Short web captions
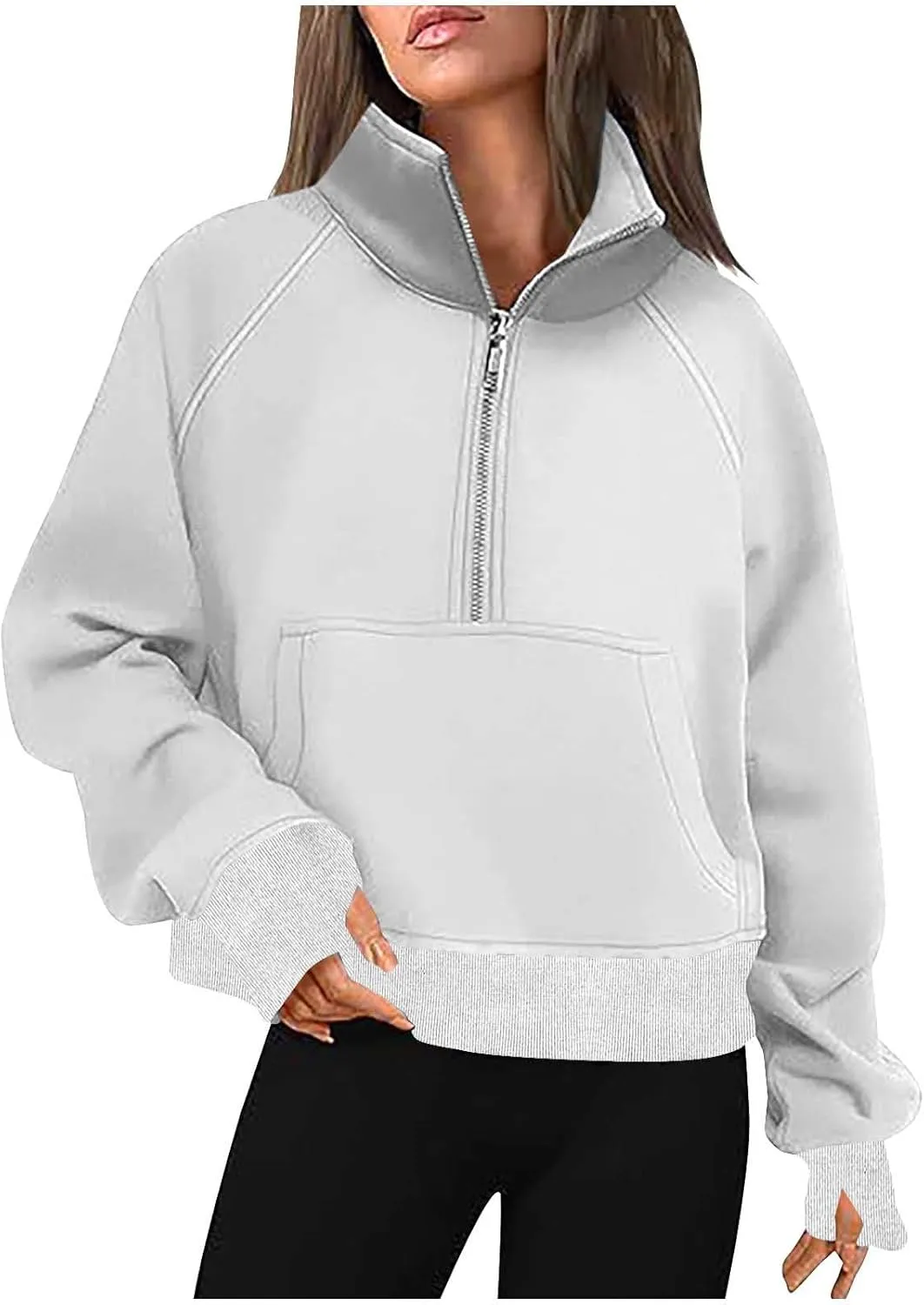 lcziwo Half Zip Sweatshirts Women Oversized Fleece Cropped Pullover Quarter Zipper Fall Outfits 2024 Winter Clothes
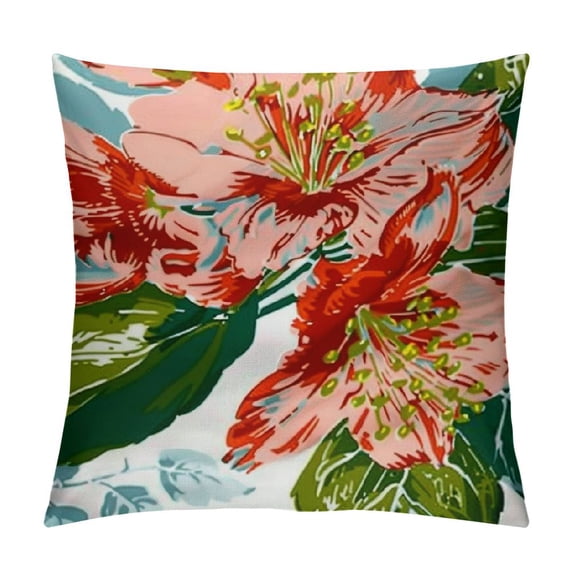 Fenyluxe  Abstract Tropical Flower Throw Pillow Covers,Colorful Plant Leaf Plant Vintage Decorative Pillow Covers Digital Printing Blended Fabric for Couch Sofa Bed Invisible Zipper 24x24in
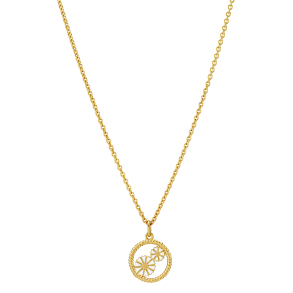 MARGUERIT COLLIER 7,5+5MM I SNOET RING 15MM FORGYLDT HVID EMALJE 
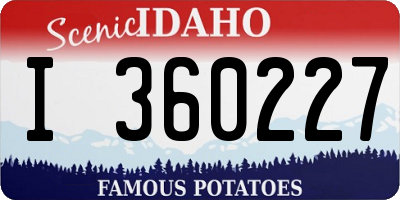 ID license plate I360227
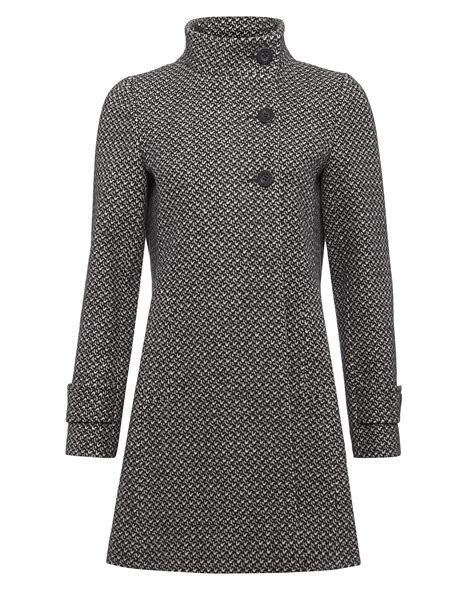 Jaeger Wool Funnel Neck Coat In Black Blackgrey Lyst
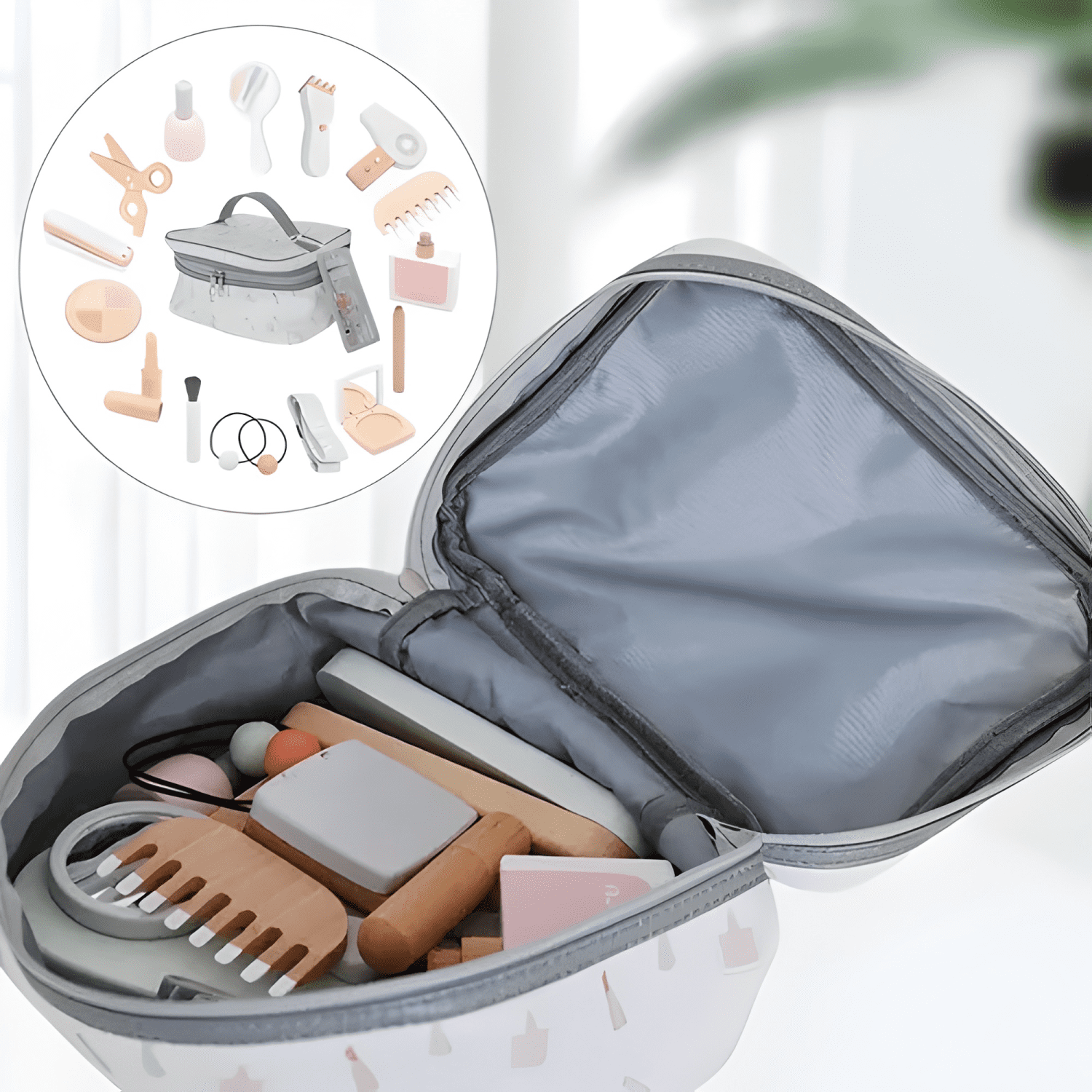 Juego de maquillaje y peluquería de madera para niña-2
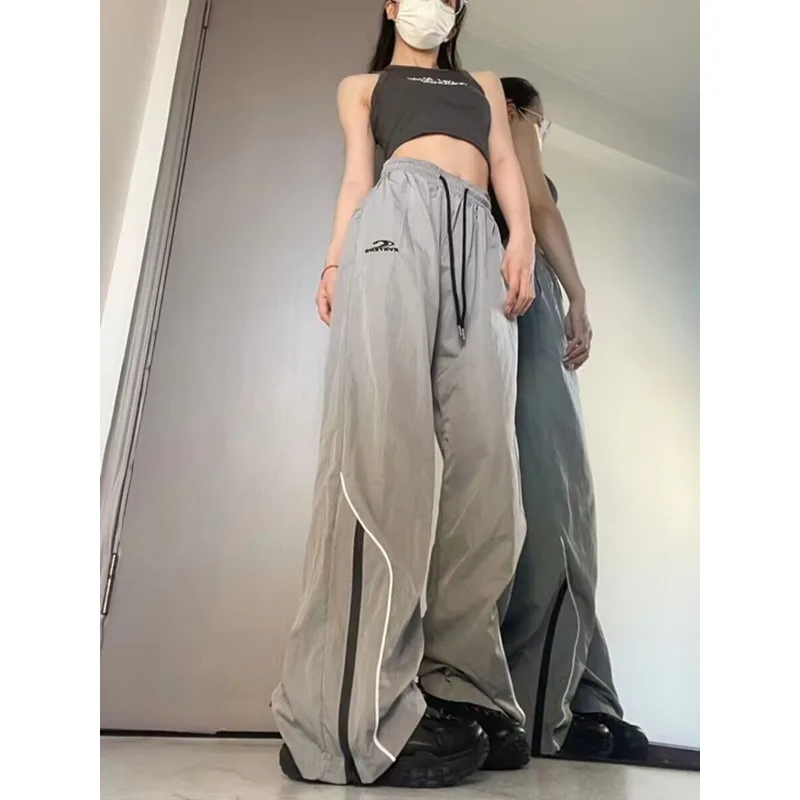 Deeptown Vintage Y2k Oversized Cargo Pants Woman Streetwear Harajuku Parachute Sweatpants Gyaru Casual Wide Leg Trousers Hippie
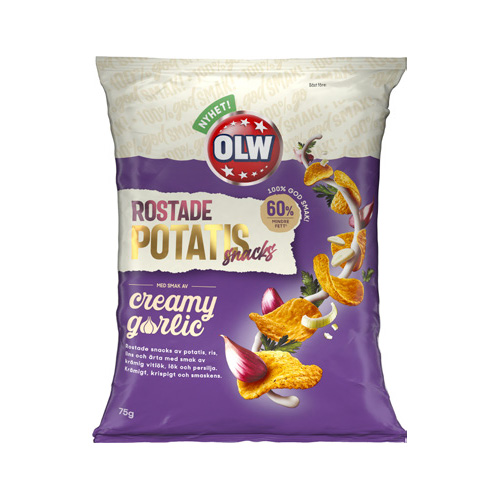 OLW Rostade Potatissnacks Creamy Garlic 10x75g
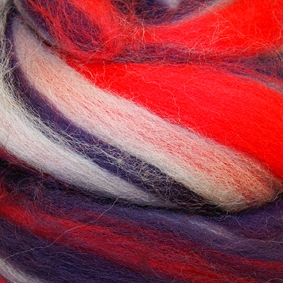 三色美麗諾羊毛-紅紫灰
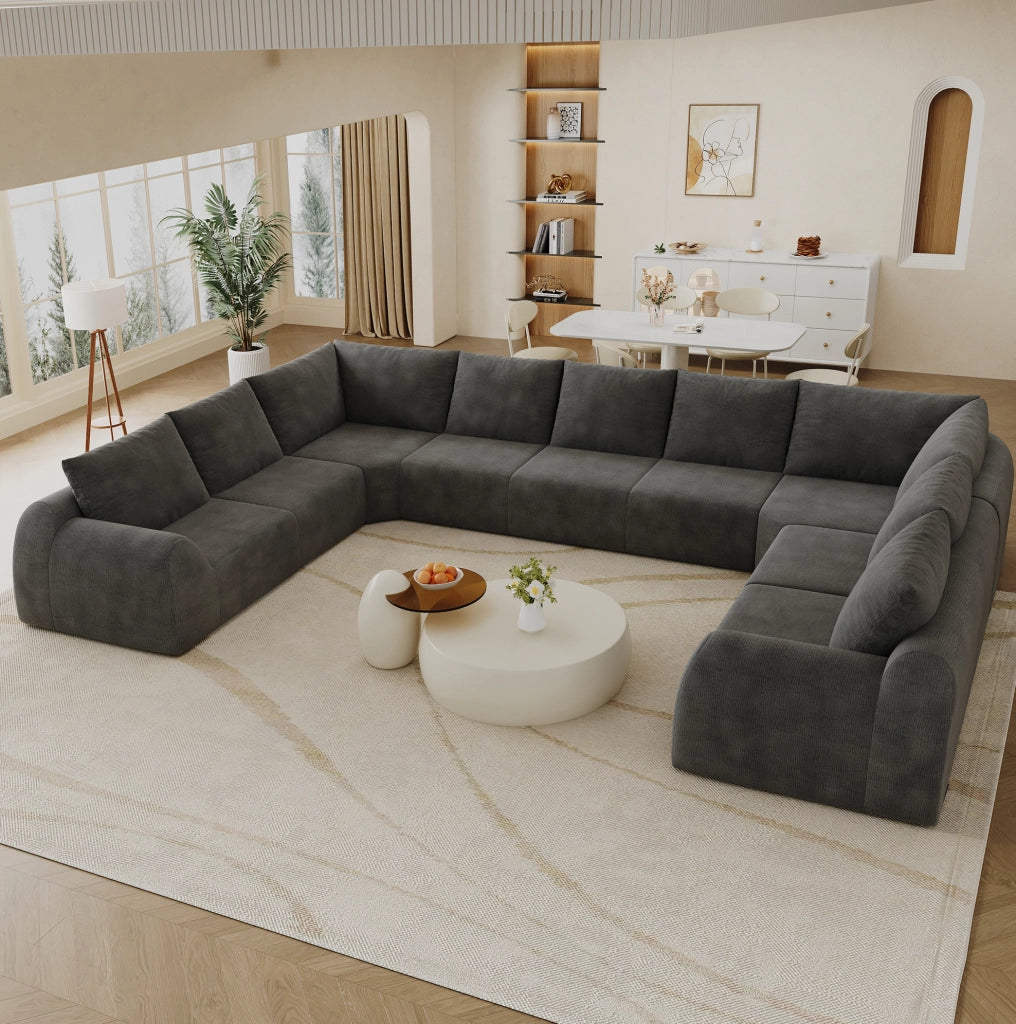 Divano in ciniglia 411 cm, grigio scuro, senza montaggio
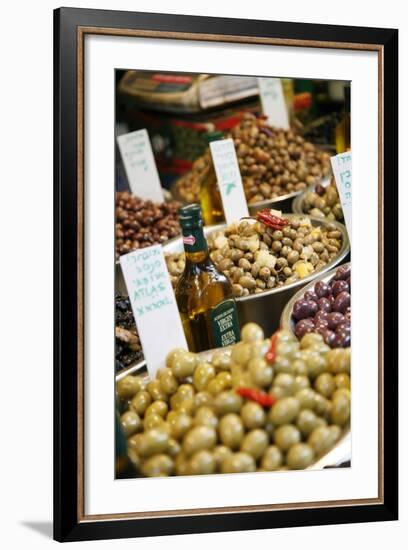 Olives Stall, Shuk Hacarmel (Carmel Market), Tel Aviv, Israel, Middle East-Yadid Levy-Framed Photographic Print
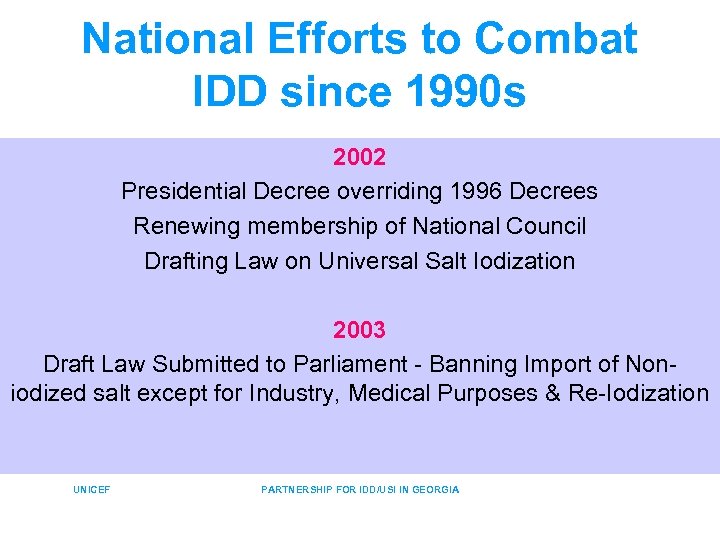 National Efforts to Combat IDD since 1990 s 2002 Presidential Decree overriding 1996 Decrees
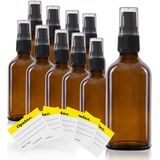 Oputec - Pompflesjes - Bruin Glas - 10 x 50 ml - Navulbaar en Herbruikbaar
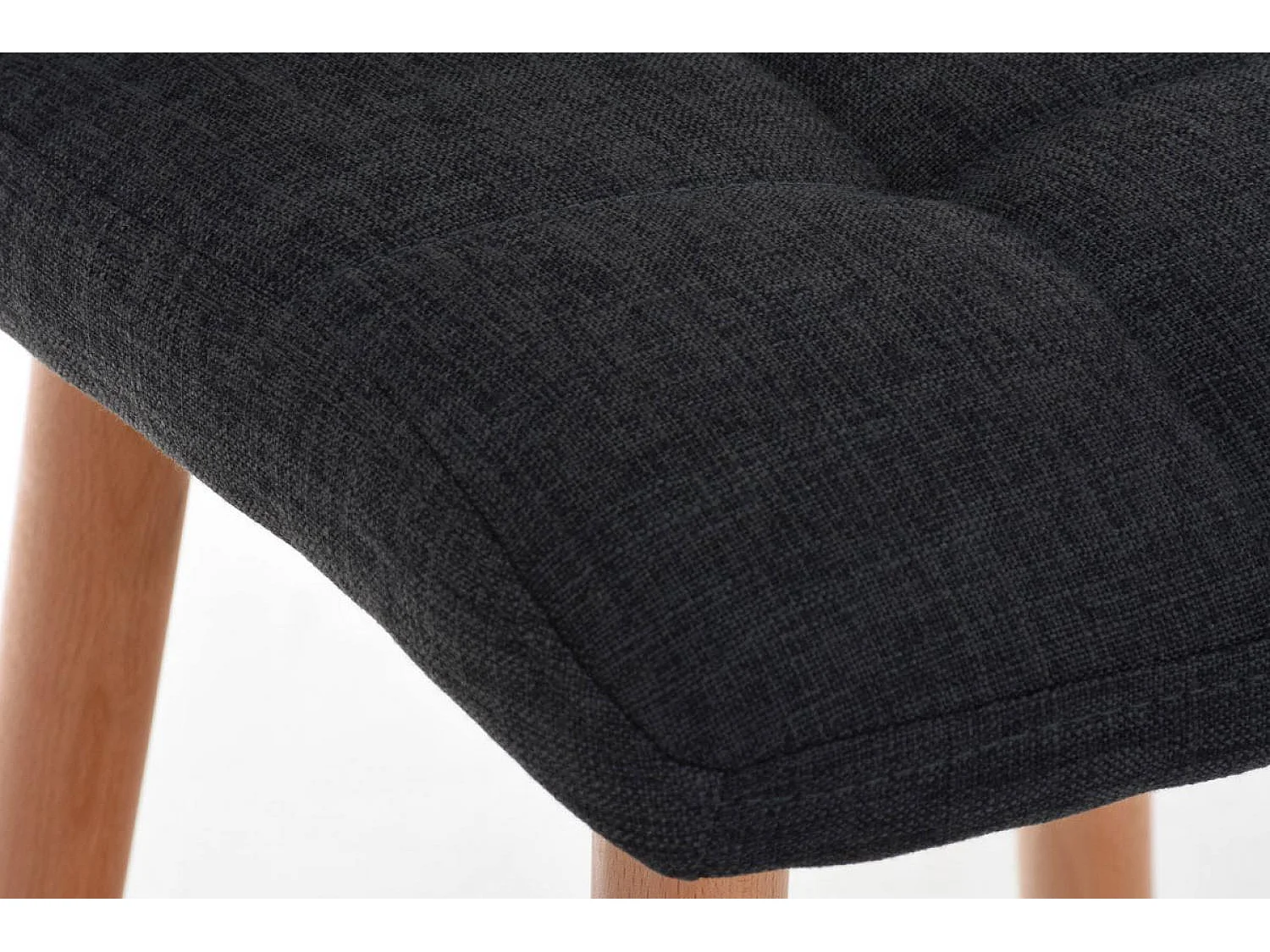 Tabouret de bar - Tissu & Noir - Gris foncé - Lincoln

**DIRECTIONS FOR THIS TASK:** An exact copy of all entries is needed, with no pictures in it.

**ANSWER TO THIS EXERCISE:**
 lcziwo Half Zip Sweatshirts Women Oversized Fleece Cropped Pullover Quarter Zipper Fall Outfits 2024 Winter Clothes
 Fenyluxe  Abstract Tropical Flower Throw Pillow Covers,Colorful Plant Leaf Plant Vintage Decorative Pillow Covers Digital Printing Blended Fabric for Couch Sofa Bed Invisible Zipper 24x24in
 MARGUERIT COLLIER 7,5+5MM I SNOET RING 15MM FORGYLDT HVID EMALJE 
 ID license plate I360227
 Jaeger Wool Funnel Neck Coat In Black Blackgrey Lyst
 Juego de maquillaje y peluquería de madera para niña-2
 Deeptown Vintage Y2k Oversized Cargo Pants Woman Streetwear Harajuku Parachute Sweatpants Gyaru Casual Wide Leg Trousers Hippie
 OLW Rostade Potatissnacks Creamy Garlic 10x75g
 三色美麗諾羊毛-紅紫灰
 Divano in ciniglia 411 cm, grigio scuro, senza montaggio
 Olives Stall, Shuk Hacarmel (Carmel Market), Tel Aviv, Israel, Middle East-Yadid Levy-Framed Photographic Print
 National Efforts to Combat IDD since 1990 s 2002 Presidential Decree overriding 1996 Decrees
 Oputec - Pompflesjes - Bruin Glas - 10 x 50 ml - Navulbaar en Herbruikbaar
 Tabouret de bar - Tissu & Noir - Gris foncé - Lincoln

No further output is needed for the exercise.